[Start of section]
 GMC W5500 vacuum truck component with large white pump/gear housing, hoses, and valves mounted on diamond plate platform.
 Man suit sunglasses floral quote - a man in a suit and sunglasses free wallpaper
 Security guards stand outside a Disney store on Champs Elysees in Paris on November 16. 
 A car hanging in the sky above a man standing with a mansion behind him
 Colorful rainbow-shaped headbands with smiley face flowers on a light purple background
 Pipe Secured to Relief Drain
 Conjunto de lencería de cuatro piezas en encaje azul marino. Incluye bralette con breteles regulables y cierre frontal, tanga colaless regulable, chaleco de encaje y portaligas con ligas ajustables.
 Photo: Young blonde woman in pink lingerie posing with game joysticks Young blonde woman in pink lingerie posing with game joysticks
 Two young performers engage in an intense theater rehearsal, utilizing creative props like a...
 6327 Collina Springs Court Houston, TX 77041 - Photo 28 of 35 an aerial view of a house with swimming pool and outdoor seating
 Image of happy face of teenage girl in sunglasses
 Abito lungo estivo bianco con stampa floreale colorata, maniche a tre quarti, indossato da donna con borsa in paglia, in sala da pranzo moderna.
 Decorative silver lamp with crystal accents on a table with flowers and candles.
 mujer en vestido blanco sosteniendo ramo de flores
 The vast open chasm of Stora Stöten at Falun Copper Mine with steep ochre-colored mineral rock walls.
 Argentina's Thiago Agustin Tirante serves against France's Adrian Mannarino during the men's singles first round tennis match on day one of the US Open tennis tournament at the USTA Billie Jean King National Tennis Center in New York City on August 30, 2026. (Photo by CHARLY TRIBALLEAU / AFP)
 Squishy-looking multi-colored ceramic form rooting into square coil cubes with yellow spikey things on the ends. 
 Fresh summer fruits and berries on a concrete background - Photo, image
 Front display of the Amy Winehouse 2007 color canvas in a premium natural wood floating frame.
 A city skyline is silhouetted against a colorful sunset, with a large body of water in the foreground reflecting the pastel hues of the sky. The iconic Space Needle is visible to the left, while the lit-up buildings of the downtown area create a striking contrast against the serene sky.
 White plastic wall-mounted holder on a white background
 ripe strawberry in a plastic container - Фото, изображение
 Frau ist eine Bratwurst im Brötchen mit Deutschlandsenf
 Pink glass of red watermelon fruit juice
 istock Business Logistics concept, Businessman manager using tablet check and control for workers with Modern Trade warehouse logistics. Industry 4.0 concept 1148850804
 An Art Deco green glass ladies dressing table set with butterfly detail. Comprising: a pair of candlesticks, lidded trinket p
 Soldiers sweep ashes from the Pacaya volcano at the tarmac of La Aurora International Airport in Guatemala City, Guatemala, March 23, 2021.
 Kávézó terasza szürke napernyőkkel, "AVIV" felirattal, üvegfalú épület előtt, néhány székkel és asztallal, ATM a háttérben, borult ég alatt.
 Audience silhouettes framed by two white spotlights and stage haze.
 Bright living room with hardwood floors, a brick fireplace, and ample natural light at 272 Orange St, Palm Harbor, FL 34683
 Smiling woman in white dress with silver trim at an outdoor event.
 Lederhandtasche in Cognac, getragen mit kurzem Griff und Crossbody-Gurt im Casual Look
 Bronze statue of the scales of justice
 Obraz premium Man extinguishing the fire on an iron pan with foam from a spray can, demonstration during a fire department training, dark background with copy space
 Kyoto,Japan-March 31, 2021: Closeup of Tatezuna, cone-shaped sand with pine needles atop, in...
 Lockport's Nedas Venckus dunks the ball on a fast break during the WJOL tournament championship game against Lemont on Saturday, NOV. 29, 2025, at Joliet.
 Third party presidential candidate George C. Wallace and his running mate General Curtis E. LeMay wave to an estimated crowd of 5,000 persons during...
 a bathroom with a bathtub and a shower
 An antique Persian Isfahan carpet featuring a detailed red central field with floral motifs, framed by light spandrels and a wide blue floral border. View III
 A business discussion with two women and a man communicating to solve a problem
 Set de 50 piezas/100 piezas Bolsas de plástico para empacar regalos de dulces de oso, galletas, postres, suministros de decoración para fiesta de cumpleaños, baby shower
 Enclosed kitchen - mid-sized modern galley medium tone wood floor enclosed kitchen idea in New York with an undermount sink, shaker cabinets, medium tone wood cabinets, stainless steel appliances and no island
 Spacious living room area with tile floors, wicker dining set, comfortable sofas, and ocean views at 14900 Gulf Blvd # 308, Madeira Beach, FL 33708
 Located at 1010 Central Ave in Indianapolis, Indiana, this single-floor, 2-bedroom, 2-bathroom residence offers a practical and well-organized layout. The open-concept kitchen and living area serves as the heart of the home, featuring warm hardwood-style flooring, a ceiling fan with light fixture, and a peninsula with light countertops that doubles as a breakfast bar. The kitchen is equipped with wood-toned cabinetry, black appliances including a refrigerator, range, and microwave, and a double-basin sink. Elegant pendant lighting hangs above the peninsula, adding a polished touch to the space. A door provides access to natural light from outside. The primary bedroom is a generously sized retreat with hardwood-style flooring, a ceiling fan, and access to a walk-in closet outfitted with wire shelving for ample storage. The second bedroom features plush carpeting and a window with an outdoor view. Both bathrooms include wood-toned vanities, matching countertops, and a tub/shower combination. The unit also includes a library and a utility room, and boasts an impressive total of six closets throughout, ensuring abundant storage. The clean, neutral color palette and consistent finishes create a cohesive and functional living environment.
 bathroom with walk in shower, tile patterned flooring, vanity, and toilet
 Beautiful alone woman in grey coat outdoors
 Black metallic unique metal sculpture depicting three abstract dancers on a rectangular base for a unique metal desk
[End of section]
__DIRECTIONS__.
Look above for the line with "Kyoto,Japan-March 31, 2021: Closeup" and the line with "Spacious living room"; transcribe both and all lines in between, exactly, and nothing else.

__WRITTEN SOLUTION__.
 Kyoto,Japan-March 31, 2021: Closeup of Tatezuna, cone-shaped sand with pine needles atop, in...
 Lockport's Nedas Venckus dunks the ball on a fast break during the WJOL tournament championship game against Lemont on Saturday, NOV. 29, 2025, at Joliet.
 Third party presidential candidate George C. Wallace and his running mate General Curtis E. LeMay wave to an estimated crowd of 5,000 persons during...
 a bathroom with a bathtub and a shower
 An antique Persian Isfahan carpet featuring a detailed red central field with floral motifs, framed by light spandrels and a wide blue floral border. View III
 A business discussion with two women and a man communicating to solve a problem
 Set de 50 piezas/100 piezas Bolsas de plástico para empacar regalos de dulces de oso, galletas, postres, suministros de decoración para fiesta de cumpleaños, baby shower
 Enclosed kitchen - mid-sized modern galley medium tone wood floor enclosed kitchen idea in New York with an undermount sink, shaker cabinets, medium tone wood cabinets, stainless steel appliances and no island
 Spacious living room area with tile floors, wicker dining set, comfortable sofas, and ocean views at 14900 Gulf Blvd # 308, Madeira Beach, FL 33708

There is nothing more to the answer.